The only changes I’d make would be:

  1. To use the join method to build the result in O(n) space and time, rather than repeated applications of += which is O(n²).
  2. To add a docstring.

Like this:

def underscore_to_camelcase(s):
    """Take the underscore-separated string s and return a camelCase
    equivalent.  Initial and final underscores are preserved, and medial
    pairs of underscores are turned into a single underscore."""
    def camelcase_words(words):
        first_word_passed = False
        for word in words:
            if not word:
                yield "_"
                continue
            if first_word_passed:
                yield word.capitalize()
            else:
                yield word.lower()
            first_word_passed = True
    return ''.join(camelcase_words(s.split('_')))

Depending on the application, another change I would consider making would be to memoize the function. I presume you’re automatically translating source code in some way, and you expect the same names to occur many times. So you might as well store the conversion instead of re-computing it each time. An easy way to do that would be to use the @memoized decorator from the Python decorator library.

Answered By: Gareth Rees

I agree with Gareth that the code is ok. However, if you really want a shorter, yet readable approach you could try something like this:

def underscore_to_camelcase(value):
    # Make a list of capitalized words and underscores to be preserved
    capitalized_words = [w.capitalize() if w else '_' for w in value.split('_')]

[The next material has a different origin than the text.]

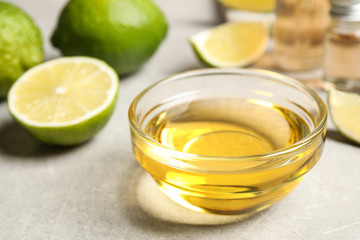 Lime essential oil in bowl on light table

    # Convert the first word to lowercase
    for i, word in enumerate(capitalized_words):
        if word != '_':
            capitalized_words[i] = word.lower()
            break

    # Join all words to a single string and return it
    return "".join(capitalized_words)
Answered By: Pär Wieslander

This is the most compact way to do it:

def underscore_to_camelcase(value):
    words = [word.capitalize() for word in value.split('_')]
    words[0]=words[0].lower()
    return "".join(words)
Answered By: vonPetrushev

For regexp sake !

import re

def underscore_to_camelcase(value):
    def rep(m):
        if m.group(1) != None:
            return m.group(2) + m.group(3).lower() + '_'
        else:
            return m.group(3).capitalize()

    ret, nb_repl = re.subn(r'(^)?(_*)([a-zA-Z]+)', rep, value)
    return ret if (nb_repl > 1) else ret[:-1]
Answered By: Jocelyn delalande

The problem calls for a function that returns a lowercase word the first time, but capitalized words afterwards. You can do that with an if clause, but then the if clause has to be evaluated for every word. An appealing alternative is to use a generator. It can return one thing on the first call, and something else on successive calls, and it does not require as many ifs.

def lower_camelcase(seq):
    it=iter(seq)
    for word in it:
        yield word.lower()
        if word.isalnum(): break
    for word in it:
        yield word.capitalize()

def underscore_to_camelcase(text):
    return ''.join(lower_camelcase(word if word else '_' for word in text.split('_')))

Here is some test code to show that it works:

tests=[('get__this_value','get_ThisValue'),
       ('_get__this_value','_get_ThisValue'),
       ('_get__this_value_','_get_ThisValue_'),
       ('get_this_value','getThisValue'),        
       ('get__this__value','get_This_Value'),        
       ]
for test,answer in tests:
    result=underscore_to_camelcase(test)
    try:
        assert result==answer
    except AssertionError:
        print('{r!r} != {a!r}'.format(r=result,a=answer))
Answered By: unutbu

Another regexp solution:

import re

def conv(s):
    """Convert underscore-separated strings to camelCase equivalents.

    >>> conv('get')
    'get'
    >>> conv('_get')
    '_get'
    >>> conv('get_this_value')
    'getThisValue'
    >>> conv('__get__this_value_')
    '_get_ThisValue_'
    >>> conv('_get__this_value__')
    '_get_ThisValue_'
    >>> conv('___get_this_value')
    '_getThisValue'

    """
    # convert case:
    s = re.sub(r'(_*[A-Z])', lambda m: m.group(1).lower(), s.title(), count=1)
    # remove/normalize underscores:
    s = re.sub(r'__+|^_+|_+$', '|', s).replace('_', '').replace('|', '_')
    return s

if __name__ == "__main__":
    import doctest
    doctest.testmod()

It works for your examples, but it might fail for names containting digits – it depends how you would capitalize them.

Answered By: Oben Sonne

Here is a list comprehension style generator expression.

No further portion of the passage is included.